Джек помолчал, потом вздохнул.
— Я тоже рад. За десять лет успел отвыкнуть от твоих индейских штучек. Эми, дорогая, открывай глазки и давай знакомиться…
Огромные синие глаза уставились на Стерегущую Сову, и Эмили Браун звонко произне ела:
— Здравствуйте, бабушка! Меня зовут Эми. Мне пять лет. Это наш дом, да? А это… ой, па-ап!
— Тихо, мелочь. Не бойся. Он хочет с тобой познакомиться. Протяни ему ручку, не бойся.
— Ух!.. У него язык, как терка… Ой, он мне лицо облизал! Хорошая собачка! А как его зовут, бабушка?
— Волк.
— Ох… Хорошее имя.
— Он теперь твой.
— Как это? Навсегда?
— Ну… на некоторое время. Пока ты не освоишься в здешних лесах. Замерзла?
— Немножечко.
— Ну пошли в дом. Там тепло и хорошо, а еще я приготовила целое блюдо вкусных плюшек с корицей, горячее какао и сандвичи с ветчиной.
— А как же Волк?
— Он не любит жить в доме. Ему больше нравится спать на снегу под звездами.
— Ух ты! И ему не холодно?
— Посмотри, какая у него густая шерсть!
— Да, верно. Волчок, ну пожалуйста, пойдем со мной в дом хоть сегодня, а? Обещаю, завтра ты будешь спать где хочешь, а сегодня — в моей комнате, ладно?
Стерегущая Сова следила за зверем. Волк еще мог согласиться войти в дом и устроиться на пороге, но в комнаты с закрытыми дверями и решетками на окнах не заходил никогда. Инстинкт дикого зверя не позволял ему загнать самого себя в ловушку…

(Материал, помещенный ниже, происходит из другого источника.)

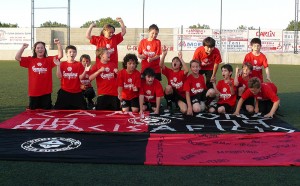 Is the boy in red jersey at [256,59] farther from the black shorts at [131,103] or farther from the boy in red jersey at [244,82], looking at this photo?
the black shorts at [131,103]

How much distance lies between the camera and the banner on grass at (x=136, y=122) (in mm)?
5212

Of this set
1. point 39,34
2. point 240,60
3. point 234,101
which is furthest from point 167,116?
point 39,34

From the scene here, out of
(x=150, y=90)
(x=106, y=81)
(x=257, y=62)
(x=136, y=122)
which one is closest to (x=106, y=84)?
(x=106, y=81)

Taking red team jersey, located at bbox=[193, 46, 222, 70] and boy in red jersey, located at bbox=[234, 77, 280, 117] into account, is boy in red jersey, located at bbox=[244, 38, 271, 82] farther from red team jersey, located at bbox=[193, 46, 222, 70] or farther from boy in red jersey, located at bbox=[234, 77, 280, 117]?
boy in red jersey, located at bbox=[234, 77, 280, 117]

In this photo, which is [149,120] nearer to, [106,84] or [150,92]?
[150,92]

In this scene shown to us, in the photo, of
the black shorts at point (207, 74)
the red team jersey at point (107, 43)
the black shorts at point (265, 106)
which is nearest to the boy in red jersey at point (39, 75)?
the red team jersey at point (107, 43)

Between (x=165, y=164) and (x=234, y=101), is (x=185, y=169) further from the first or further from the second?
(x=234, y=101)

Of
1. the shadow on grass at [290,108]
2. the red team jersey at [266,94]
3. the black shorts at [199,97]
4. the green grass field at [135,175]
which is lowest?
the green grass field at [135,175]

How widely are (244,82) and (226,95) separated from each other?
0.47m

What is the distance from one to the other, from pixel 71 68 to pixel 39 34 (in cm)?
2829

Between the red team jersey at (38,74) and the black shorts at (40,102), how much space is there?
0.08 m

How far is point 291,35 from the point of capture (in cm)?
2631

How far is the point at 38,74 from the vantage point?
6695mm

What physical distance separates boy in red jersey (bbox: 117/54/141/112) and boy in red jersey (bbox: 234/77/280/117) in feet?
5.59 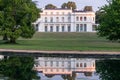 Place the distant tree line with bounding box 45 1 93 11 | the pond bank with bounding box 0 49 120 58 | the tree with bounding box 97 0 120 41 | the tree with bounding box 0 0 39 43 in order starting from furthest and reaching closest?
the distant tree line with bounding box 45 1 93 11
the tree with bounding box 0 0 39 43
the tree with bounding box 97 0 120 41
the pond bank with bounding box 0 49 120 58

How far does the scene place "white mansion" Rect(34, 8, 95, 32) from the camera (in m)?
151

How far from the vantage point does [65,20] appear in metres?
153

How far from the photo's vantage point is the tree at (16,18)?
5766 cm

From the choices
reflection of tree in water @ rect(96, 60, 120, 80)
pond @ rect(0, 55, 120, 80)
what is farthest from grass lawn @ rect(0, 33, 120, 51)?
reflection of tree in water @ rect(96, 60, 120, 80)

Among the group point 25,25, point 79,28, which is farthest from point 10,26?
point 79,28

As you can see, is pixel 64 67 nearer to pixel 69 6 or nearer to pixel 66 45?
pixel 66 45

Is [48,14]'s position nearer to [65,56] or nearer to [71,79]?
[65,56]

Однако сейчас Волк, невозмутимо и абсолютно по-собачьи виляя хвостом, пошел рядом с малышкой Эми, едва достававшей ему до загривка. Он прошел в дом и уселся прямо перед огнем, вывесив язык и улыбаясь во всю свою серую физиономию. Дождавшись, когда Джек на руках понесет заснувшую девочку на второй этаж, удивительный зверь последовал за ними. Сова изумленно смотрела ему вслед.
Джек вернулся через несколько минут и сообщил:
— Он улегся возле ее кровати и делает вид, что он — комнатная собака. Ты его научила, признайся?
— Не говори глупости. Как можно научить дикого зверя притворяться? Просто он умный. Садись к огню и рассказывай.
Джек с удовольствием расположился в кресле и с блаженным вздохом вытянул длинные нога.
— Клянусь, больше не сяду за руль до весны… У меня онемела задница, клянусь! А рассказывать мне нечего. Ты, судя по всему, и сама все знаешь.
— Когда она умерла?
— Три месяца назад.
— Девочка сильно переживает?
— Очень. Кроме того, ей очень не повезло со школой, так что…
— Ну здесь можешь быть спокоен. Джилли глаз с нее не спустит.
Джек смущенно закряхтел.
— Видишь ли, Сова… Я не уверен, что отдам Эми в школу прямо сейчас. Если честно, я хотел бы, чтобы она побыла дома.
— Одна?
— Ну почему одна? Я же не сразу кинусь к Фрэнку. И потом, может быть, ты…
— Нет.
— Как — нет?
Стерегущая Сова покачала головой.
— Джеки, ты когда-нибудь задумывался, сколько мне лет?
— Ну… если честно — нет.
— Моя мать была целительницей. Ее знали в Сайлент-Крик и звали в трудных случаях. Она принимала роды у матери старика Балларда. Мальчик родился крупным, и мне пришлось помогать моей матери. Мне было тогда пять лет.
Джек присвистнул.
— А старику Балларду должно быть около девяноста… Ничего себе! Знаешь ли, ты неплохо выглядишь, Мать Леса. Я бы не дал тебе больше шестидесяти.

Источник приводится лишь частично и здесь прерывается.